What Is Economics?
Basically, economics is the study of human behavior and the relationship between society's resources and its output. It includes applications such as health, education, environment and gender. It also involves finance.
The main focus of economics is on the relationship between individuals and their environment. Its analysis helps in making predictions and public policy. It involves research into various topics, such as supply and demand, economic indicators, and the efficiency of production.
Economic theory involves the study of the economics of individual decisions, the behaviour of households, firms, and markets. These are studied on microeconomic and macroeconomic levels. Microeconomics analyzes how people make financial decisions, trade, and coordinate resources. Microeconomics also studies the dynamics of supply and demand, and the costs of producing goods.
Neoclassical economics is a research program that aims at building a coherent set of theories about economic behavior. The researchers also build a language that helps in explaining problems. They accept the motivation of people to diminish the scarcity of resources and to maximise their utilities from consumption.
In addition, economists seek to understand the omnipresent problem of scarcity.

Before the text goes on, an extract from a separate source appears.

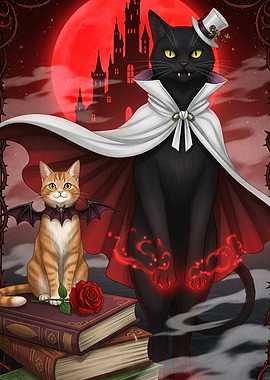 Vampire Cats Castle Moon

To explain how people deal with this issue, economists must isolate the problem from place, time, and other factors.
The term reductionism is used to explain the process of explaining economic problems. Reductionism suggests that all explanations should be found on the lowest level possible. Therefore, economists must abstract from specific ways people deal with scarcity.
Neoclassical economists build a set of concepts that help in understanding the behaviour of individuals and society as a whole. They include the concept of unemployment, which is the quantity of labour that is supplied by a company but is not hired by the company's employer.